Review: Klark-Teknik Square One Graphic & Dynamics
Klark-Teknik has a new range of quality, cost-effective analogue signal processors. Heard it all before? Read on.
Review: Simon Honywill
Klark-Teknik is well known for its high-end EQs and processors in the sound reinforcement market. Its gear is well respected and comes with a ‘pro’ price tag. The price tags on the Square One range are by no means cheap but far more ‘affordable’. And the way they’ve achieved this, according to KT, can be neatly summarised thus: KT didn’t want to produce a lower priced range by sacrificing build quality and sound quality. Instead the approach was to remove features rather than compromising engineering or component quality.
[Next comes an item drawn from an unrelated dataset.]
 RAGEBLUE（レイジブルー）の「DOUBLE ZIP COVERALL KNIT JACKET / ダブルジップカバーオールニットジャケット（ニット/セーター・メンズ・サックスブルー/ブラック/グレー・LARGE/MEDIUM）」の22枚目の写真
The first thing you realise on opening the packaging is Square One’s most outstanding feature – this gear is very purple. The controls are a nicely contrasting light grey, which goes to make an attractive looking package. Unfortunately, in practice, it’s hard to see what’s what when light conditions are low, especially on the Dynamics processor. The general feel of the equipment – the Graphic and Dynamics unit – is typical of the brand name. They are solidly constructed, well finished and the knobs and faders have the smooth, gentle weighting that we have all come to expect from KT. My initial reaction was, ‘Wow, they’re cool, can I keep them?’.
SQUARE ONE GRAPHIC
There is very little one can say about a 31-band graphic equaliser that hasn’t already been said. The Square One Graphic is simplicity itself, the emphasis being on quality and ease of use at the right price. An 80Hz high-pass and 12kHz low-pass filter, a bypass button and a gain compensation knob for both channels are the only features additional to the 31 EQ filters. What stands out about this unit is the audio quality. KT DN360 users will know what I mean when I say it’s subtle, yet effective, and extremely pleasant on the ear. A high quality system EQ is crucial to good PA sound, and at this price there’s no longer an excuse to not have that quality. Meanwhile, for monitor systems, there can be no doubt that this unit would be a wise choice in any situation.
SQUARE ONE DYNAMICS
The Square One Dynamics unit elegantly packs eight channels of compressor/gate/expander in a 3U rack space. In the past, the perception was that unless a device had ‘Focusrite ISA’ written on it somewhere, this multi-channel format meant compromised quality. This piece of equipment puts paid to that assumption. Everything about Square One Dynamics oozes quality. Each channel has a fully functional, high spec compressor, which offers the choice of either RMS Sensing, Peak Sensing (or ‘Vintage’) mode, and frequency conscious compression. Each setting can make use of the hard or soft knee switch, giving a wide range of options to suit just about any program material. The night before writing this article I used the Dynamics on a small, mostly acoustic gig. There were some fine singers involved, ranging from the harshness of female torch song singers through howling blues to beautifully delivered, rich ballads. A real mixed bag of timbre and dynamics were all kept well under control by the compressors, at all times still managing to sound open and natural – it took a matter of seconds to dial up the right settings and off they went, rock solid all night. It’s an enormous luxury to have eight great-sounding compressors at your fingertips – it’s amazingly good value when you think about it.
An interesting feature, and somewhat unprecedented in audio dynamics as far as I’m aware, is the cascadable solo bus facility. With the output plugged into an input on your console, each of the unit’s eight channels has a solo button which allows monitoring of that channel’s sidechain filter. There is also a solo-in-place facility, which does the same job but replaces the audio output with the sidechain monitor signal. The gate is as lovely as the compressor, and utilises intelligent threshold shift, a handy way of reducing gate chatter. It automatically shifts the threshold down when a signal reaches the threshold level, and then re-sets itself when the signal goes back under.
There is very little I can say about these pieces of kit that isn’t extremely positive. My only real gripes are the contrast of the legending in low light, and the fact that the red solo-in-place button on the Dynamics clashes horribly with the purple front panel – surely yellow would be a better choice. That said, these are excellent units at a price (thanks to the excellent Chinese manufacturing) that makes them very attractive to the rental market. Seriously, if quality audio at the right price is your bag, I urge you to give these units a go. I, for one, will be keeping an eye out for further (inevitable) additions to the Square One range.